Killing for Company
Once in a while a killer appears who captures the public imagination. Jack the Ripper, Dr Crippen, John Christie, The Yorkshire Ripper-Peter, Sutcliffe, Iam Brady and Myra Hindley, Fred and Rosemary West. Names which hold a morbid fascination for us all and strike terror in our hearts. What makes them tick? What psychological flaws can produce such monsters - as the tabloids like to call these dangerous misfits.
Killing for Company, based on the international best selling biography by world renowned criminologist Brian Masters, explores the background and probes the hidden recesses in the warped mind of notorious killer Dennis Nilsen. Over a period of five years he strangled to death over fifteen young men he met in London pubs and invited to his home.

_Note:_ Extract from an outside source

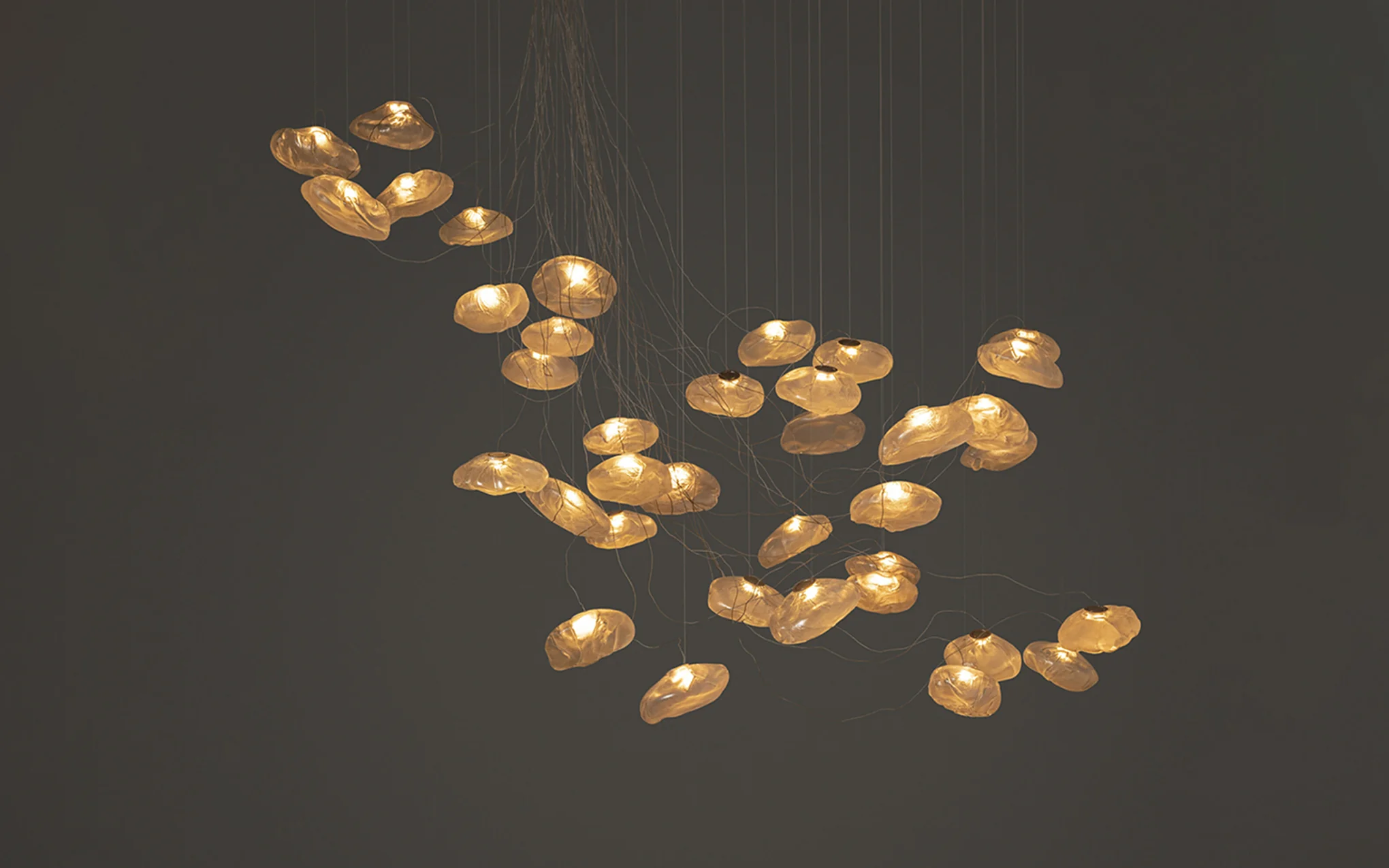 73 Random chandelier - sculptural cable - Image 15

No one seemed to have missed any of his victims, or suspected anything was wrong with "Des" as he liked to be called.
Nilsen, an ex-policeman, later described himself as the most unlikely murderer I know.
A bit of an odd ball perhaps, sometimes prickly and rather intense. His colleagues at work, in a Job Centre, had no inkling about his secret life. No one had any idea how he managed to work conscientiously during the day, ignoring rotting dead bodies piling up under the floor boards in his flat.
Nilsen wrote from prison 'If I had been arrested at sixy-five years of age, there night have been thousands of bodies behind me'.